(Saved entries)
============================================================
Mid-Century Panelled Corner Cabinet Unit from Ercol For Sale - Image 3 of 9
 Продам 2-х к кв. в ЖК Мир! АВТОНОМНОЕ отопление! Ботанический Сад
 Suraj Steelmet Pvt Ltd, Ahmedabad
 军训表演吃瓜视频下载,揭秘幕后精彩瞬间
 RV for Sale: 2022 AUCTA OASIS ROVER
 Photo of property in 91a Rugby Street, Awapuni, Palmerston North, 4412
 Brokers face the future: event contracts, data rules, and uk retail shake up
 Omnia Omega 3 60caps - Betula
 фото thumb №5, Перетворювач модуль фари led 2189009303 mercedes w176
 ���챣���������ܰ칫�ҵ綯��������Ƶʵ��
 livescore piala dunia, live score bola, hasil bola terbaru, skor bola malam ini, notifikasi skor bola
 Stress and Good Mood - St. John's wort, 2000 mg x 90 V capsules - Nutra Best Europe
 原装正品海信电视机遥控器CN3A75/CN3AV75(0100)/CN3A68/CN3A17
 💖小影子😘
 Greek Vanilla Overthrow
============================================================
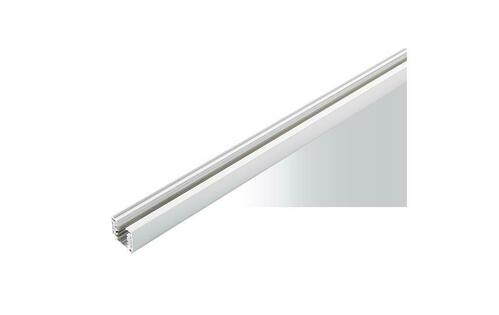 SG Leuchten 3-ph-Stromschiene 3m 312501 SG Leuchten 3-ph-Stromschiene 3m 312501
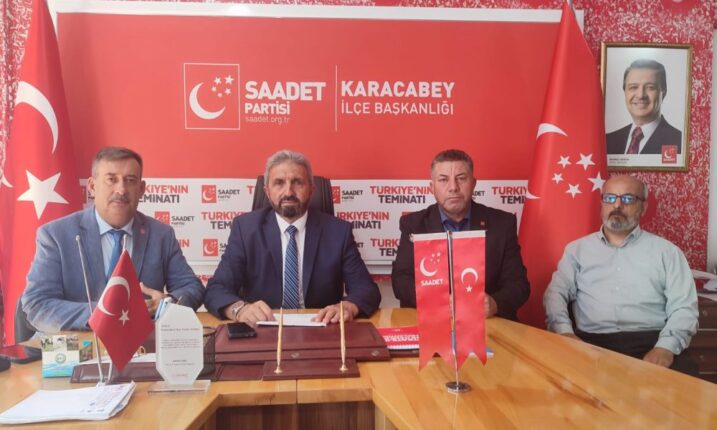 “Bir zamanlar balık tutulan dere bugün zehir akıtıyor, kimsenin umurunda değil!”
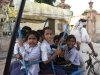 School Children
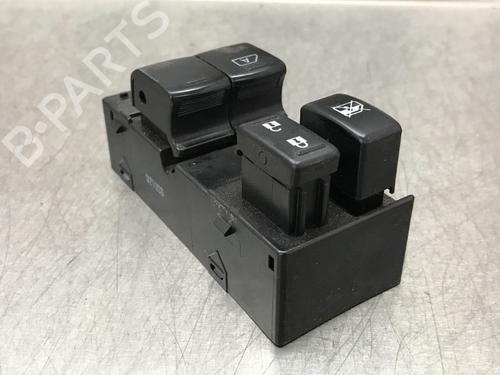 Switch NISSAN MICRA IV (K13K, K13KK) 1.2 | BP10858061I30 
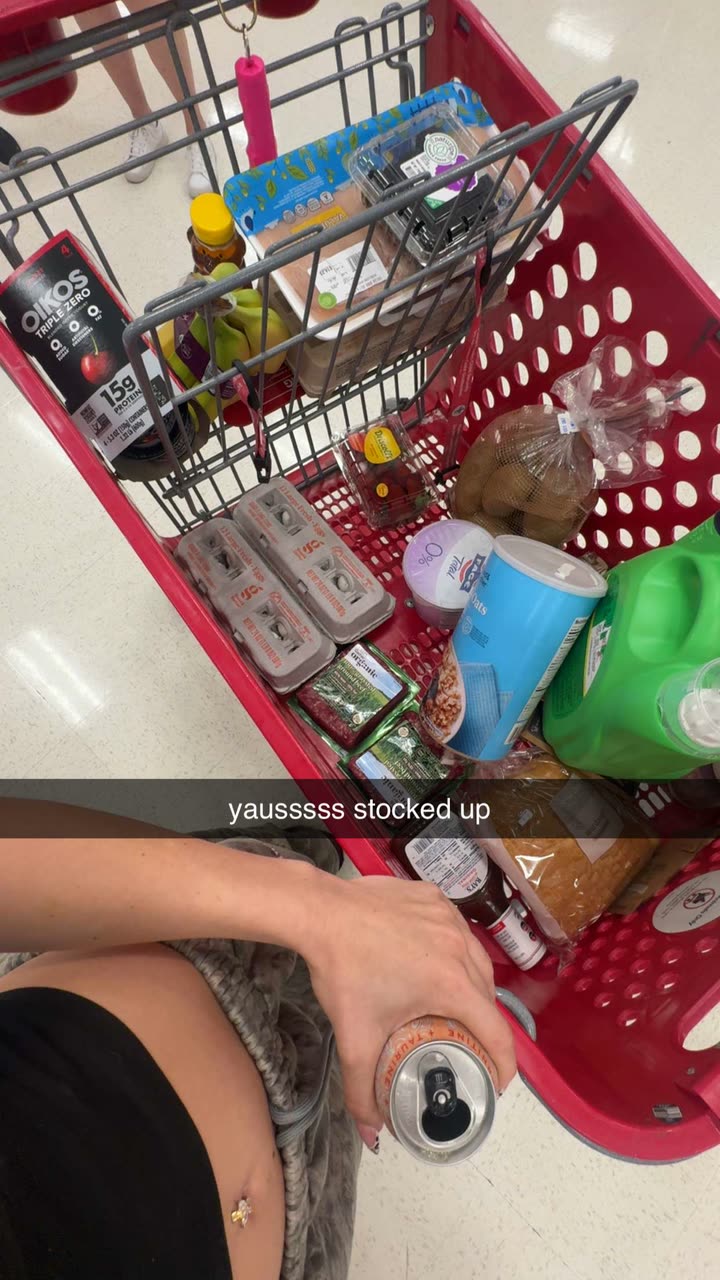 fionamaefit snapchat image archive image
============================================================
### EXERCISE GOAL
Tell how many lines in the records above carry the word "Sale". Only the number should appear in the reply.

### ANSWER FOR THE TASK
2